La montée par Val d’Isère fait 15 kilomètres, mais ça n’a rien à voir avec la Maurienne. On est sur du 4/5/6% quelquefois 8% mais pas souvent. Un autre conseil, commencez par le côté Bonneval, vous ferez le plus corsé quand vous aurez le plus d’énergie! Ce côté-ci est aussi moins bucolique, la faute à l’absence de troupeaux et à la présence des remontées mécaniques qui abîment les paysages et démontrent le choix fait du ski, au détriment d’autres activités, tant mieux pour les autres vallées.

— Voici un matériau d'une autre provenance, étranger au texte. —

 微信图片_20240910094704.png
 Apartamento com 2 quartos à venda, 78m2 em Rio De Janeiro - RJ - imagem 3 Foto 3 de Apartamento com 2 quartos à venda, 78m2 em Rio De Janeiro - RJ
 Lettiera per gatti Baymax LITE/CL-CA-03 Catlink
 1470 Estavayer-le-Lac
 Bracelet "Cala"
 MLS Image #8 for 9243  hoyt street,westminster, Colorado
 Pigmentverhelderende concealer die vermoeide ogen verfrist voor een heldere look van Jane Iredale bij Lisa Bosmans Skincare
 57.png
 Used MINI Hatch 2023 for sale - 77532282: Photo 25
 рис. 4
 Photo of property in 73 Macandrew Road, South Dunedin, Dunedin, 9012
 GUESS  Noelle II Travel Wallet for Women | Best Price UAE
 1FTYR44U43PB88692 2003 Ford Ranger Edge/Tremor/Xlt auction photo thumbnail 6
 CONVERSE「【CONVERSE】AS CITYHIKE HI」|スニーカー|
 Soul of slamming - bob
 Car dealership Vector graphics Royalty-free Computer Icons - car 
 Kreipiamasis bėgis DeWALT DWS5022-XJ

Au sommet on pose avec les jeunes du Chambéry cyclisme formation, venus préparer le tour du pays de Gex. Il est midi, ils ont grimpé le côté Val d’Isère, on les recroisera plus tard, ils se tapent le côté Bonneval, sous le cagnard. Certes il faut se mettre dans les conditions de la course, mais ils souffrent et on a (un peu) mal pour eux. Arrêt, obligatoire, à Bonneval, histoire de reposer les avant-bras, car la pente est raide. Retour à la Turra où Séverine et David ont le bon goût de vous proposer de prendre la douche quelque soit l’heure, même si votre chambre est déjà louée. Termignon, terminus d’une sortie inoubliable, le bonheur de faire du vélo, sport où on va assez vite pour voir beaucoup de paysages et suffisamment pas vite pour bien les admirer. En mode récupération, offrez-vous une bonne planche de charcuteries locales, voire de fromages locaux. Pourquoi pas les deux ? Et avec ça qu’est ce qu’on vous sert ? Une fois bien hydratés, à l’eau bien sûr, prenez une bière blanche des cimes, vous les avez admirées toute la matinée, vous l’avez bien méritée.
Dernier conseil, sous forme de conclusion, prenez bien sûr des lunettes de soleil, mais à la montée mettez-les dans les poches, la Maurienne, c’est trop beau pour être filtré.